The State Department released his remarks on March 11. Mikhail Ulyanov, the head of the Russian Foreign Ministry’s department on arms control, on March 11 signaled an openness to deploying nuclear weapons in Crimea, according to a Reuters article. “I don’t know if there are nuclear weapons there now,” Ulyanov was quoted as saying. “I don’t know about any plans, but in principle Russia can do it.”
NPT RevCon Upcoming
Countryman’s and Ulyanov’s remarks come one month before the Nuclear Nonproliferation Treaty Review Conference (RevCon) in New York. Countryman said at the conference the U.S. will focus on assessing and updating the NPT action plan developed in 2010, and on clarifying its position on disarmament to states not aligned with the NPT. “We need now at next month’s conference to take stock of the action plan and update it,” he said. “We developed a series of working papers on how to update the action plan which we are now circulating in diplomatic channels.
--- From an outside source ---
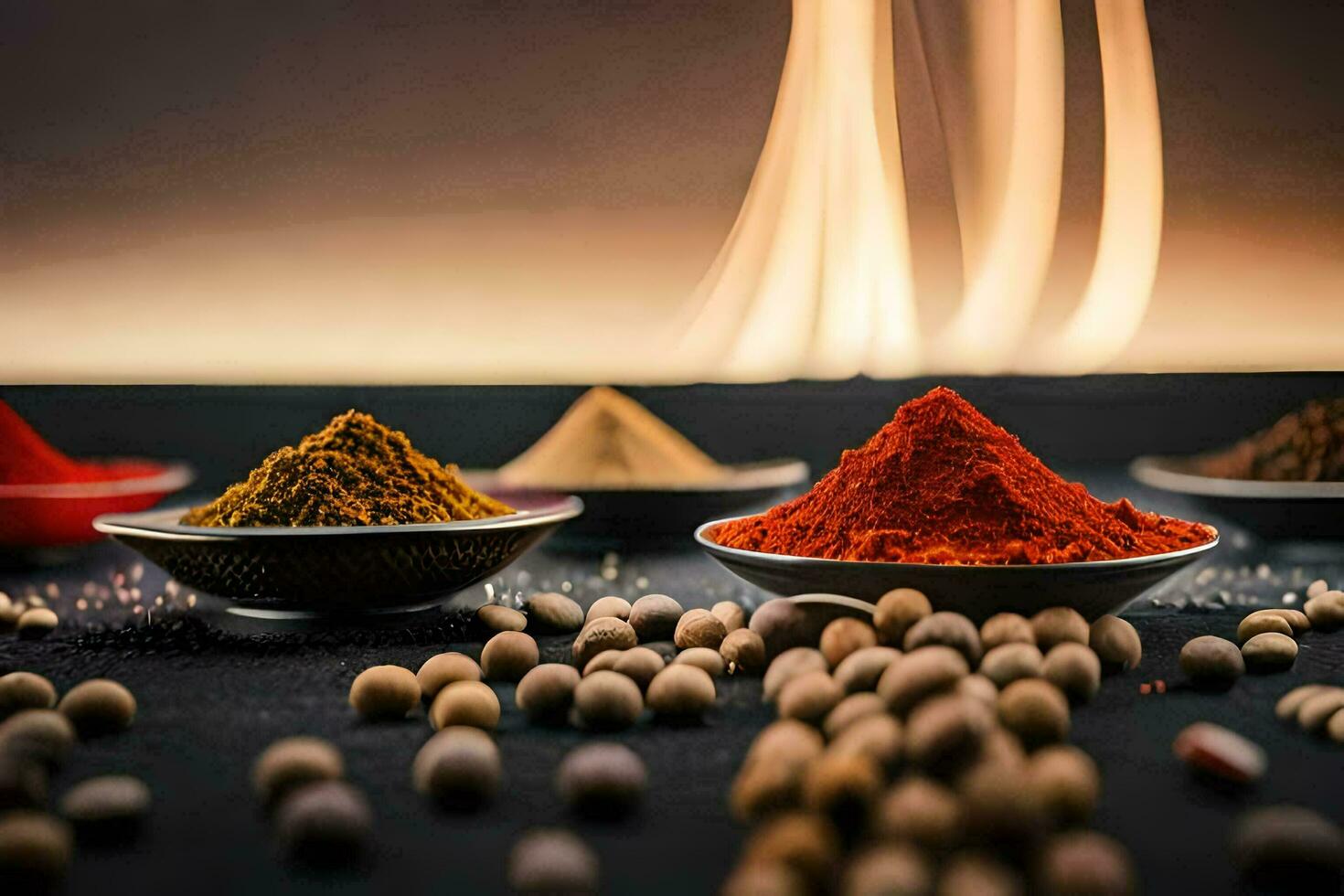 spices in bowls on a table. AI-Generated photo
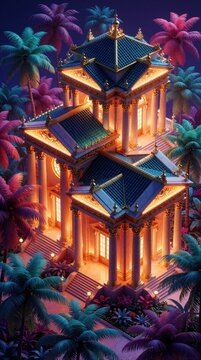 Luxury palace with glowing lights stands among colorful palm trees at night. Exotic architecture features gold details, blue roofs in tropical garden. Dreamy fantasy estate shines bright under dark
We want to reinforce all the parts that are relevant, which is most of it, and identify what can be advanced as a result of next month’s Review Conference. And of course we are actively studying all the papers produced by friends around the world because they contain valuable ideas on how to advance the goals of disarmament and nonproliferation.”
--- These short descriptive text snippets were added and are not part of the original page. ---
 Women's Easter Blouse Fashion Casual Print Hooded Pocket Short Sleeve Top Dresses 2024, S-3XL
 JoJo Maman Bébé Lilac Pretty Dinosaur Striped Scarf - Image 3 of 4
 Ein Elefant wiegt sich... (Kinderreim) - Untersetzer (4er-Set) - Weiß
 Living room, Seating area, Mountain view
Countryman said the 2010 development of a consensus-based action plan was a “breakthrough,” and that the plan’s validity holds true today. “It is a useful yardstick for implementing steps that strengthen the treaty,” he said. “It is not, however, a deadline.”
U.S. Prepared to Defend Disarmament Approach
Countryman pledged the U.S. will be prepared to defend its disarmament approach, which he said involves taking “discrete, practical steps.” The approach “has achieved major reductions in nuclear weapons and fissile material stocks over several decades and continues to do so,” he said. “It is a practical approach. It is a verifiable approach, and we’re prepared to explain it and defend it at the Review Conference.”
Arms control advocates last year criticized Amb. Robert Wood, U.S. Special Representative to the Conference on Disarmament, after he said efforts to move nuclear disarmament into humanitarian law circles only “distract” from the agenda of the 2010 action plan. “We will not support proposals to set up new UN mechanisms to address nuclear disarmament,” Wood said. “Such mechanisms would fare no better because the same political challenges present in existing disarmament bodies would be replicated in any new multilateral body.”
Countryman also cited the need to enforce violations and abuse of NPT Article 10. “We need to discuss how to hold accountable violators of the their own obligations and we also want to develop a consensus about how to address states that may abuse Article 10 of the treaty which gives states the right to withdraw from the NPT,” he said. “The treaty is not perfect, it is not immune to challenge, but it is irreplaceable and could not be replicated if we allow it to fall apart.”